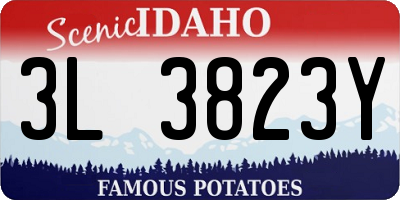 ID license plate 3L3823Y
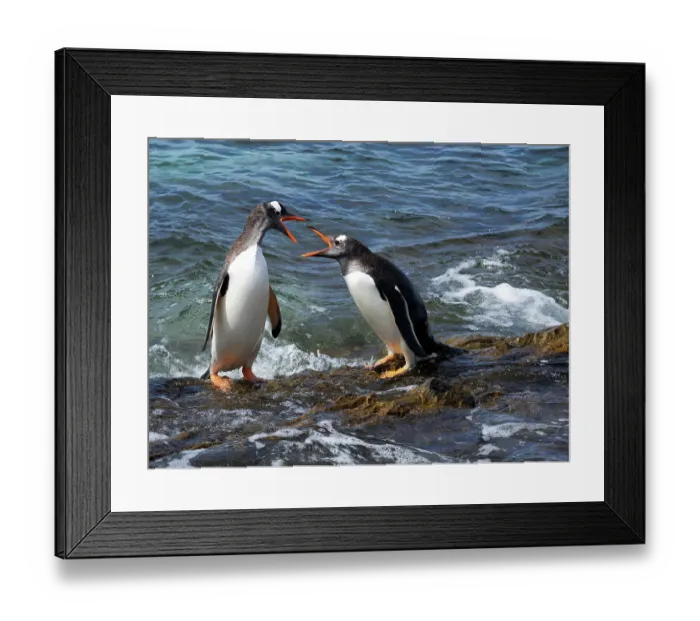Framed Print : Falkland Islands. A pair of gentoo penguins fight over their perch on the rocks in the water Framed Print : Falkland Islands. A pair of gentoo penguins fight over their perch on the rocks in the water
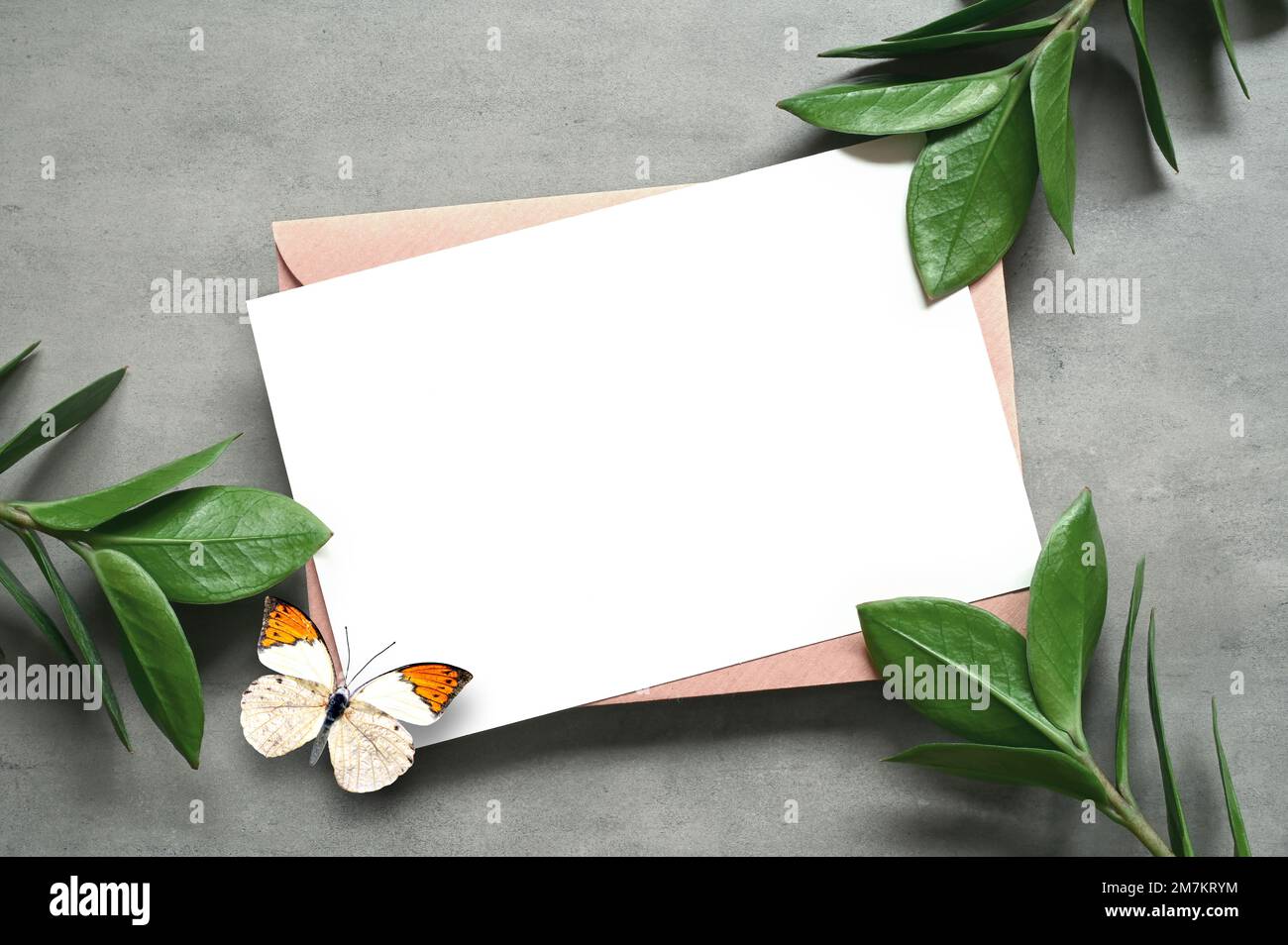 Mock up card con foglia di zamioculcas e farfalla. Biglietto d'invito con busta su sfondo grigio. Foto Stock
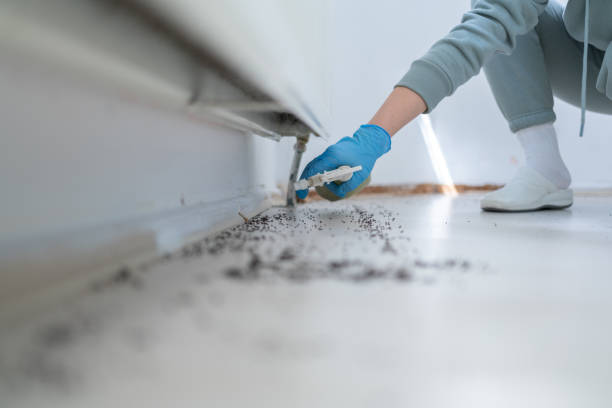 Bird Control in Springfield, FL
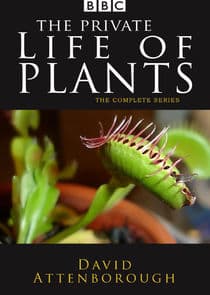 The Private Life of Plants thumbnail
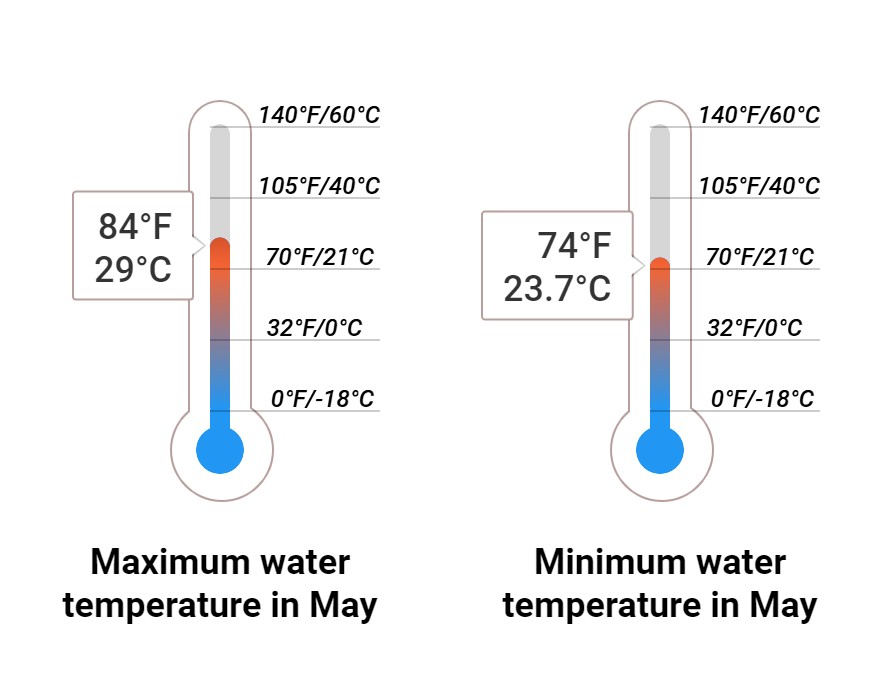 Average Sea temperature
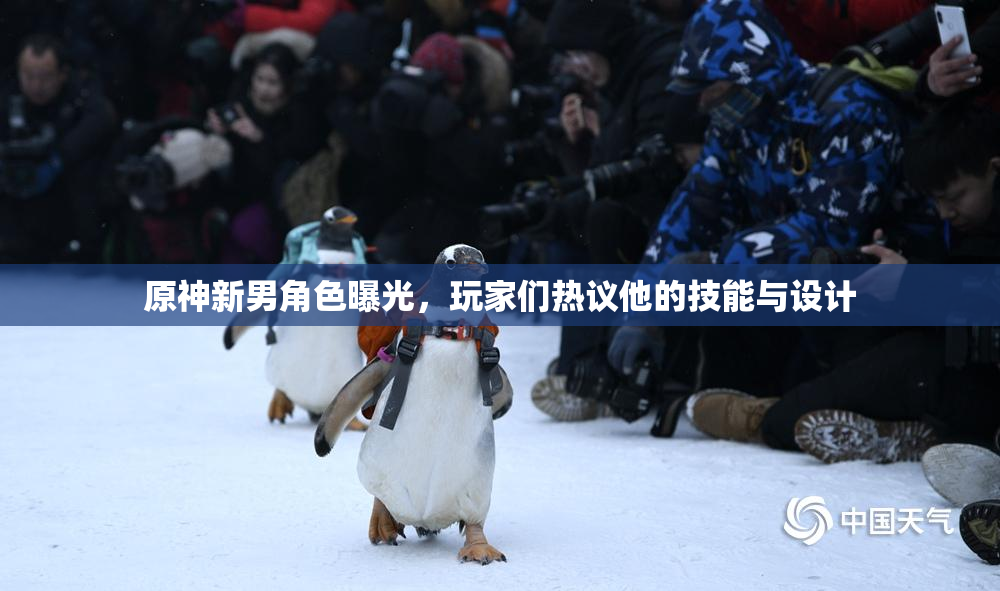 原神新男角色曝光，玩家们热议他的技能与设计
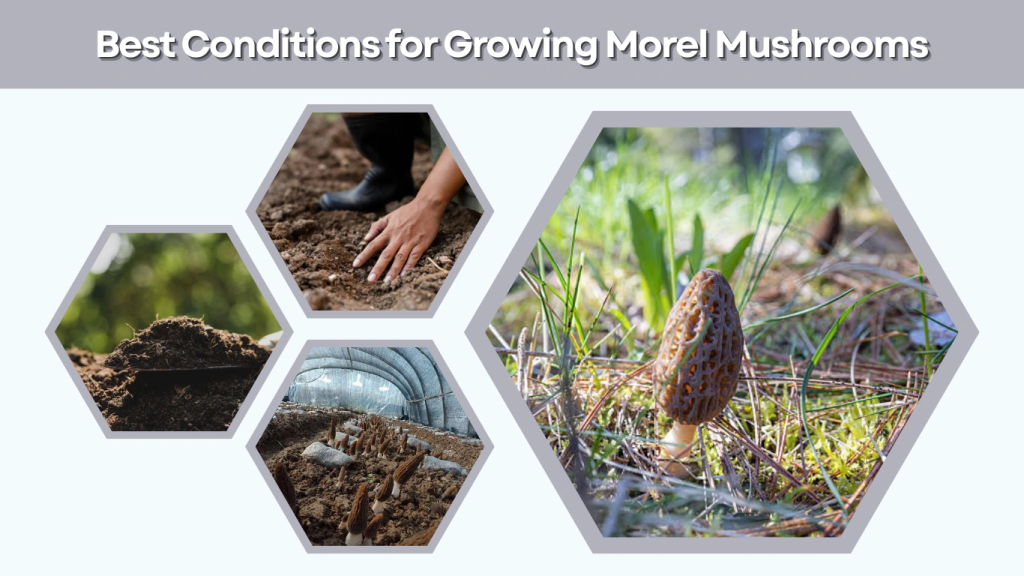 Best Conditions for Growing Morel Mushrooms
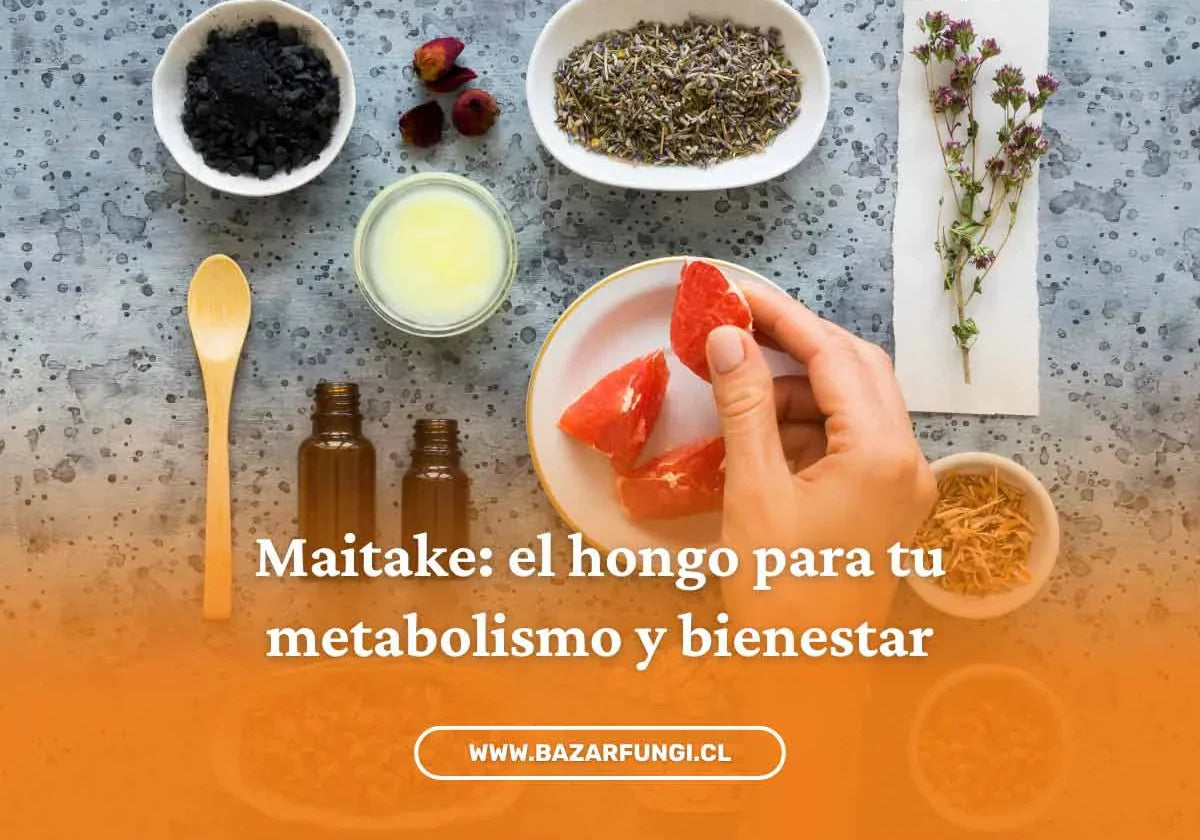 Maitake y metabolismo: control de peso y energía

• • • •

(Problem statement) The reply should hold every line of the records unchanged and no pictures.

(Exercise response)
 ID license plate 3L3823Y
Framed Print : Falkland Islands. A pair of gentoo penguins fight over their perch on the rocks in the water Framed Print : Falkland Islands. A pair of gentoo penguins fight over their perch on the rocks in the water
 Mock up card con foglia di zamioculcas e farfalla. Biglietto d'invito con busta su sfondo grigio. Foto Stock
 Bird Control in Springfield, FL
 The Private Life of Plants thumbnail
 Average Sea temperature
 原神新男角色曝光，玩家们热议他的技能与设计
 Best Conditions for Growing Morel Mushrooms
 Maitake y metabolismo: control de peso y energía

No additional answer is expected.